═════ SOURCE RECORDS ═════

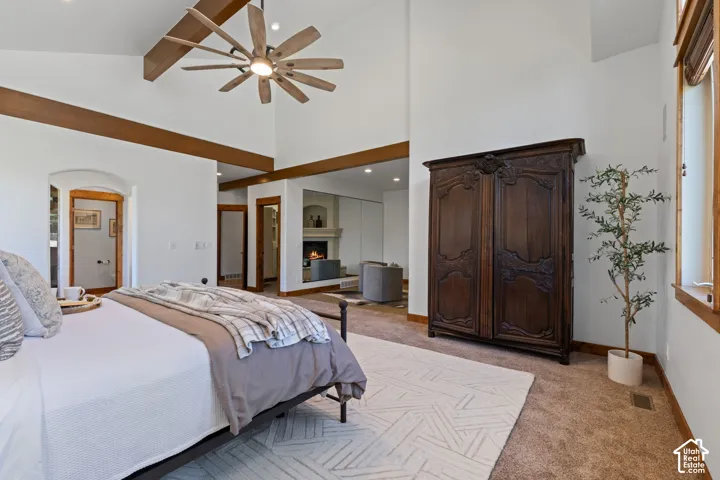 Vaulted ceiling with exposed wood beams and a contemporary ceiling fan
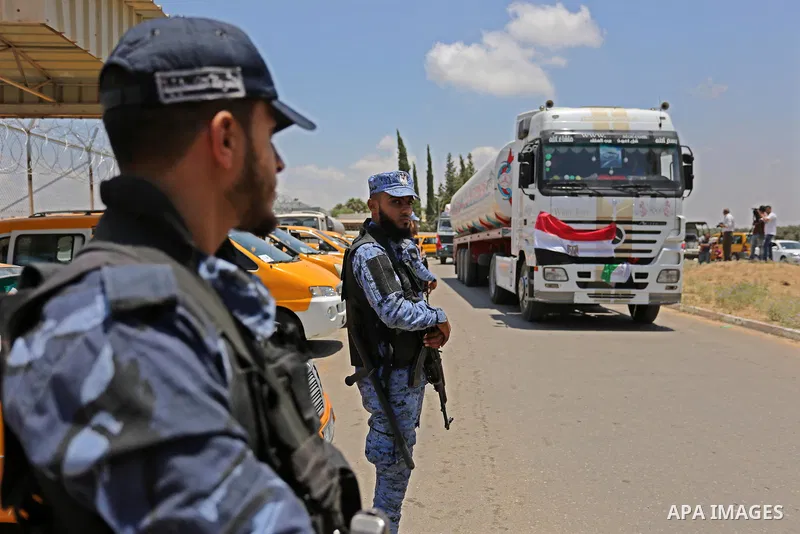 Palestinian security forces stand guard as Egyptian trucks carrying fuel arrive to Gaza's power plant in Nusseirat, in the central Gaza Strip after entering the southern Gaza Strip from Egypt through the Rafah border cro...
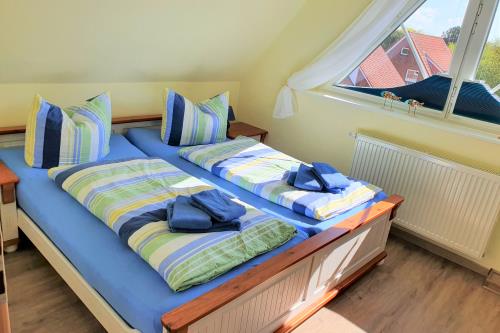 Langeoog Ferienwohnung Ferienhaus Katja und Ralf Heimes - 2 - Schlafen Eltern DG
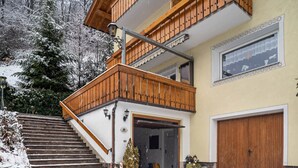 Ein zweistöckiges Gebäude mit einem Holzbalkon, einer Garage und einer verschneiten Landschaft.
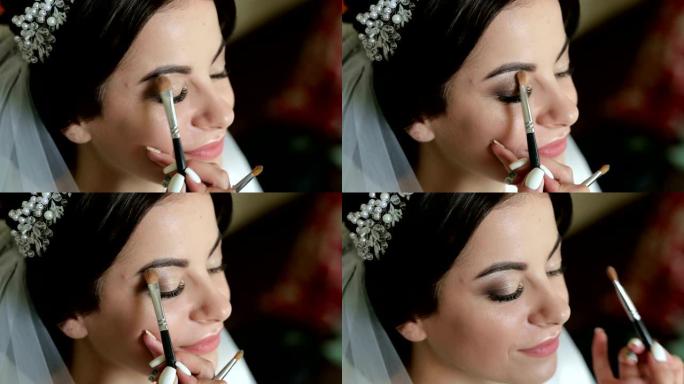 专业化妆师的特写镜头为新娘化妆。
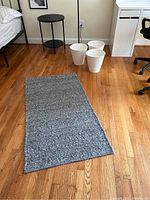 Woven gray woven throw rug laid out flat on wood floor with frayed edges visible. Three white plastic trash cans arranged together in background.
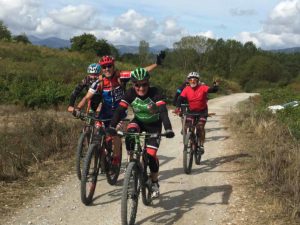 spain-camino-waving-cyclists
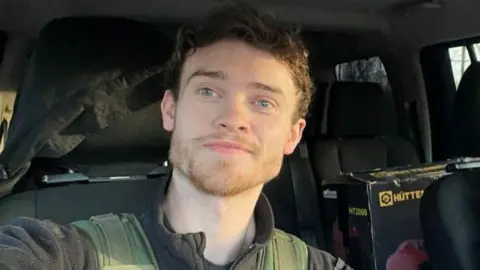 A smiling Chris Parry in a vehicle.
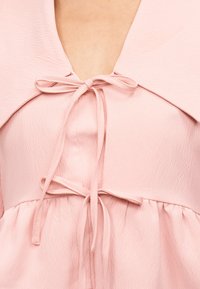 Κοντινό πλάνο ενός ανοιχτό ροζ υφασμάτινου φορέματος με δύο δεμένους φιόγκους στο στήθος και τη μέση, με βαθύ V λαιμόκοψη και ραμμένο ύφασμα κάτω από τη μέση.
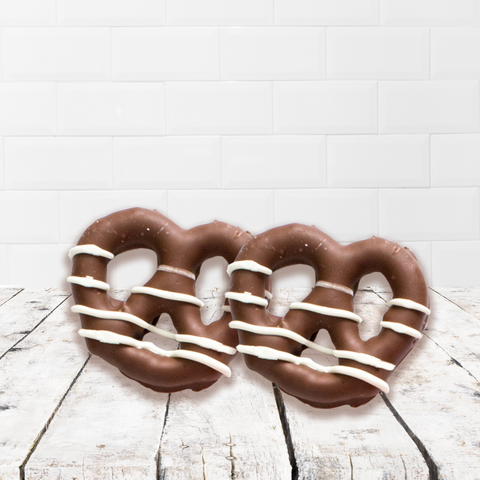 Milk chocolate covered pretzels drizzled with white chocolate on a wooden surface.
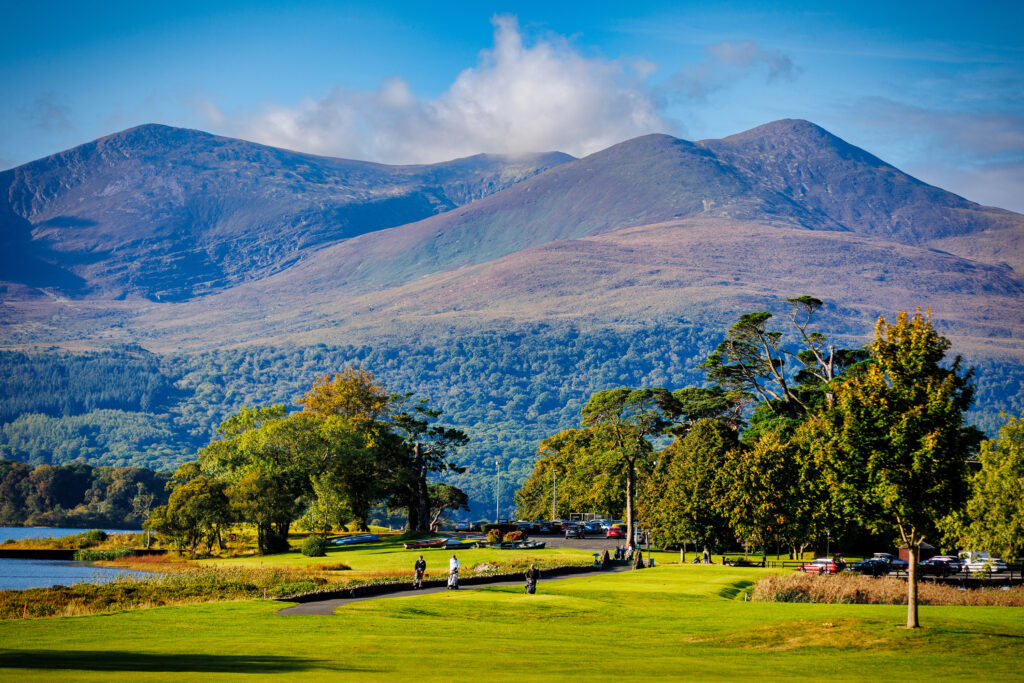 People playing golf at Killarney Golf & Fishing Club - Killeen Course with hills in background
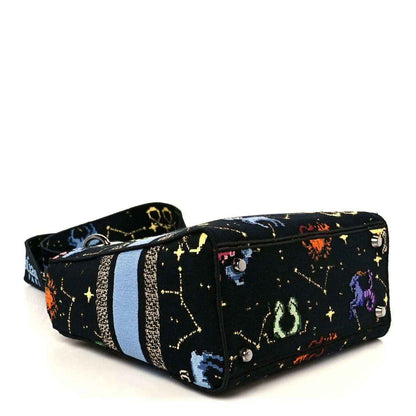 Medium canvas handbag, black with colorful zodiac pixel stars, blue stripe, zip closure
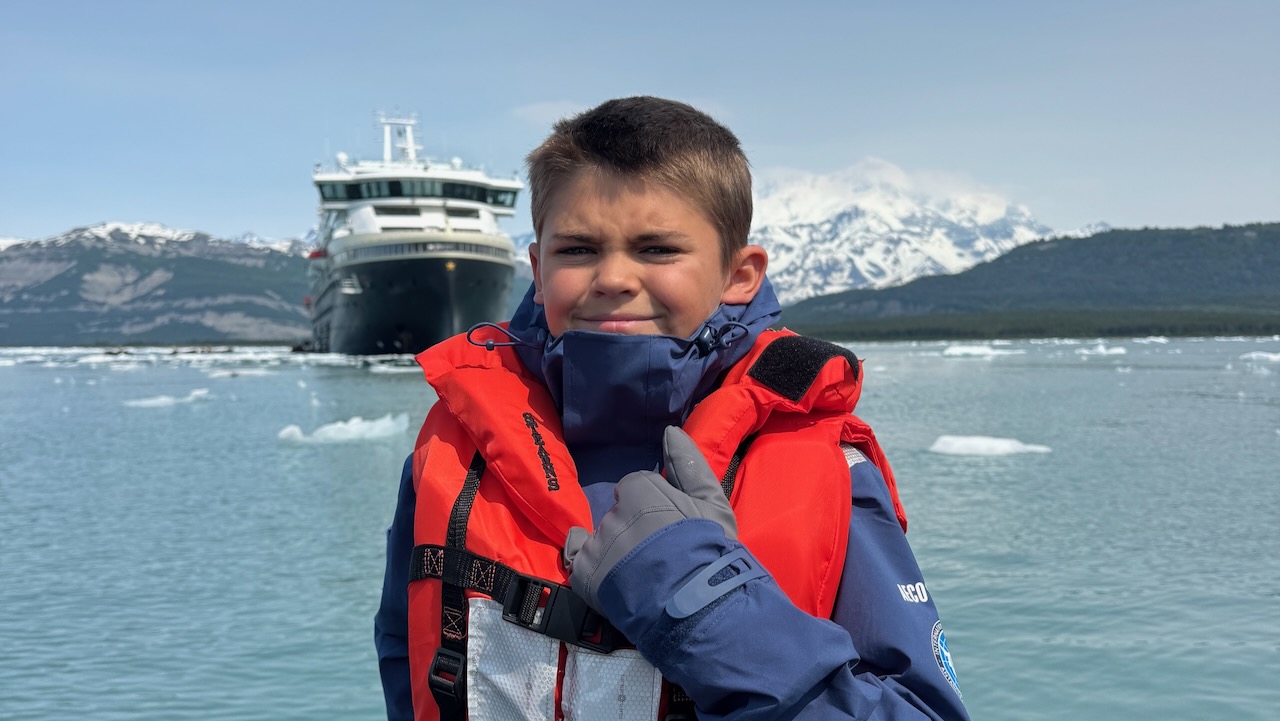 Colt Lockwood sits on a Zodiac boat in an Alaskan fjord with an expedition cruise ship in the background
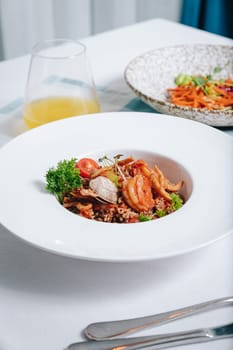 buckwheat with seafood, oyster, tomato and herbs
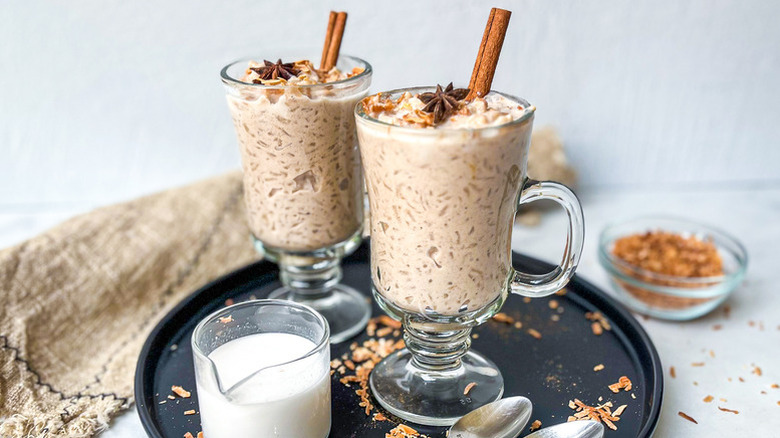 Coconut chai rice pudding in two tall serving glasses with cinnamon sticks and star anise
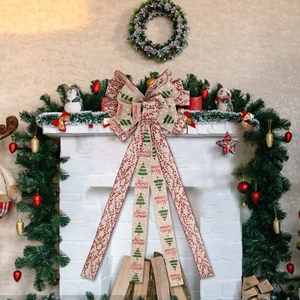 Large double-layered Christmas tree topper bow with festive red berries and pine trees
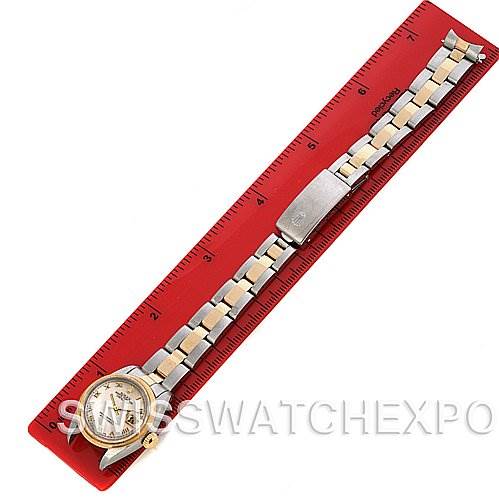 This Rolex Datejust 69163 Women's Stainless Steel Mother of Pearl Dial 69163 Women's Stainless Steel Mother of Pearl Dial watch is shown from a top-down angle, displaying its full bracelet and face, resting on a ruler.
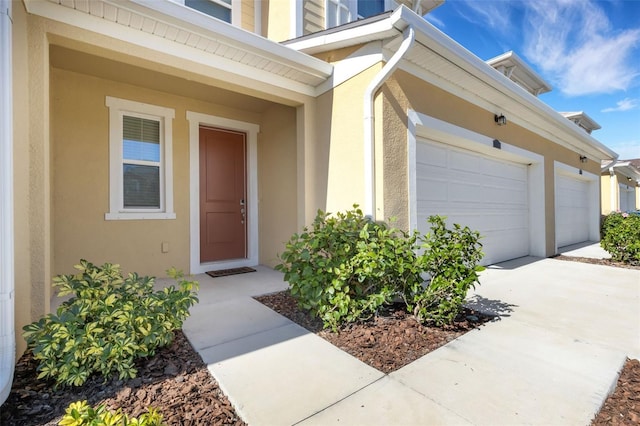 entrance to property featuring driveway, an attached garage, and stucco siding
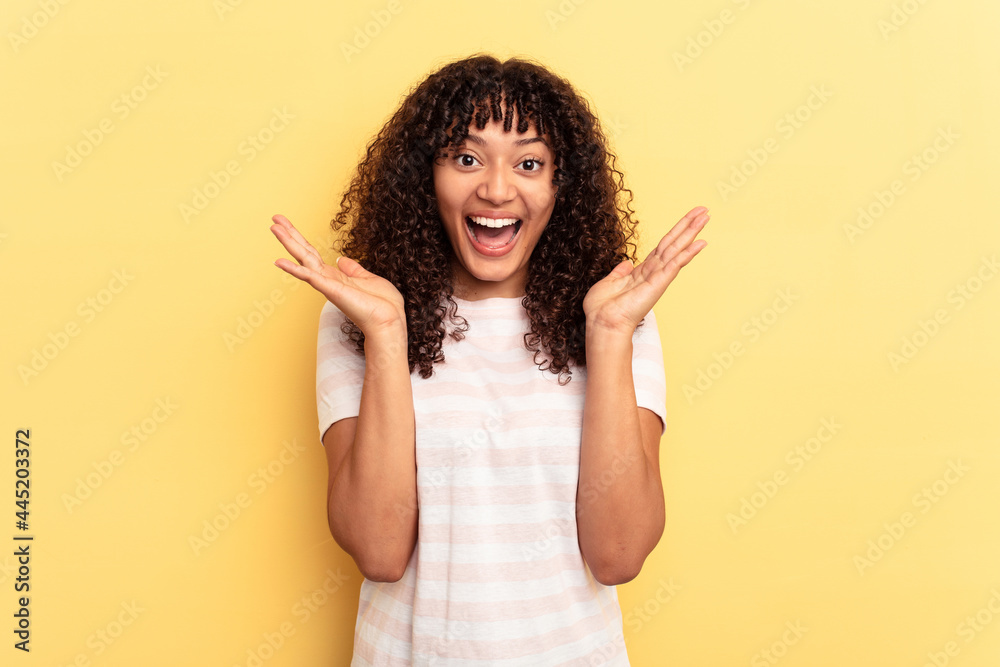 Young mixed race woman isolated on yellow background celebrating a victory or success, he is surprised and shocked. Young mixed race woman isolated on yellow background celebrating a victory or success, he is surprised and shocked.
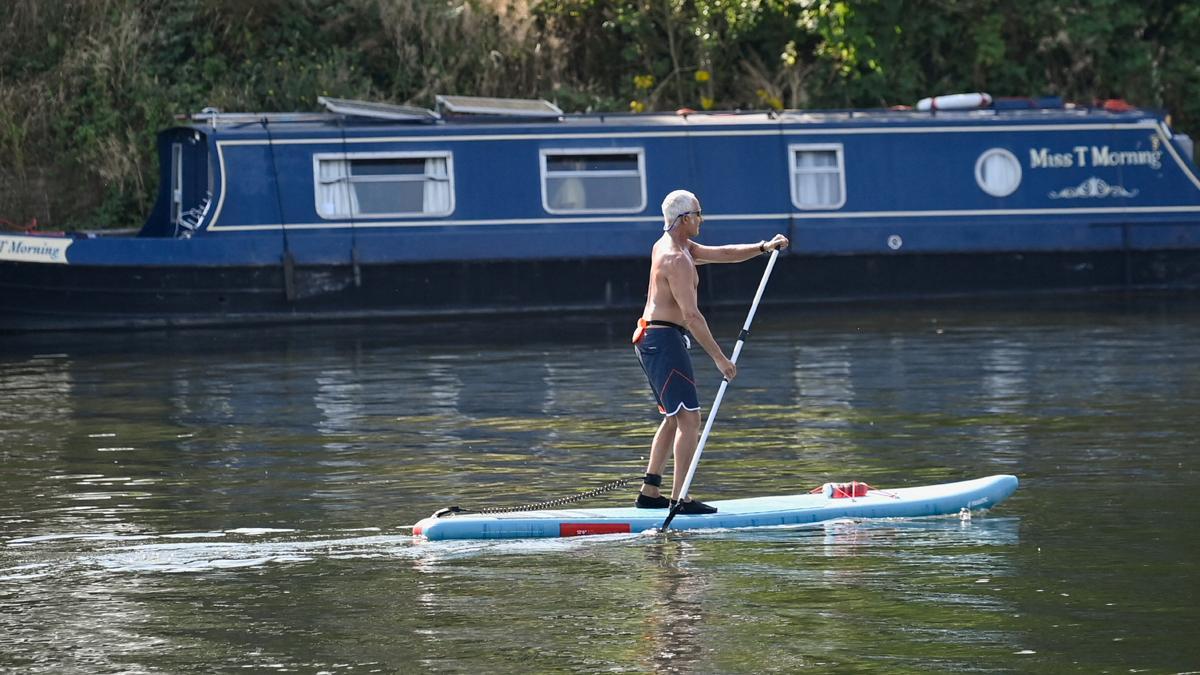 Un hombre se desplaza por el río Támesis con una tabla de paddle surf, a la altura de Shepperton, cerca de Windsor, en Gran Bretaña.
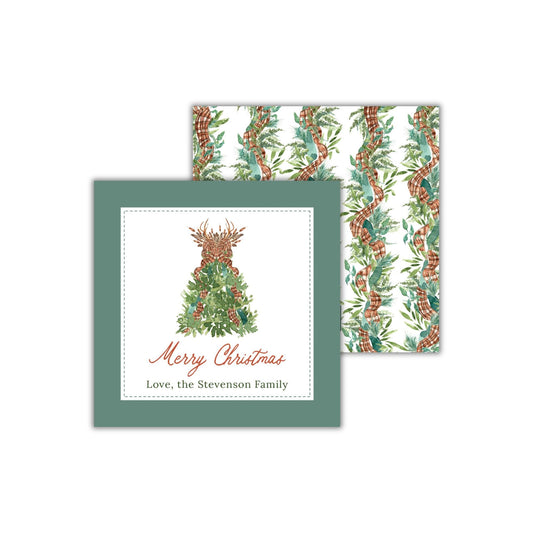 A Christmas card with a tree design and the text "Merry Christmas Love, the Stevenson Family" printed on it.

═════

== THE TASK ==
Using the entries above, transcribe exactly from the line that has "buckwheat with seafood, oyster, tomato" through the line that has "Large double-layered Christmas". Pictures are dropped.

== THE COMPLETED TASK ==
 buckwheat with seafood, oyster, tomato and herbs
 Coconut chai rice pudding in two tall serving glasses with cinnamon sticks and star anise
 Large double-layered Christmas tree topper bow with festive red berries and pine trees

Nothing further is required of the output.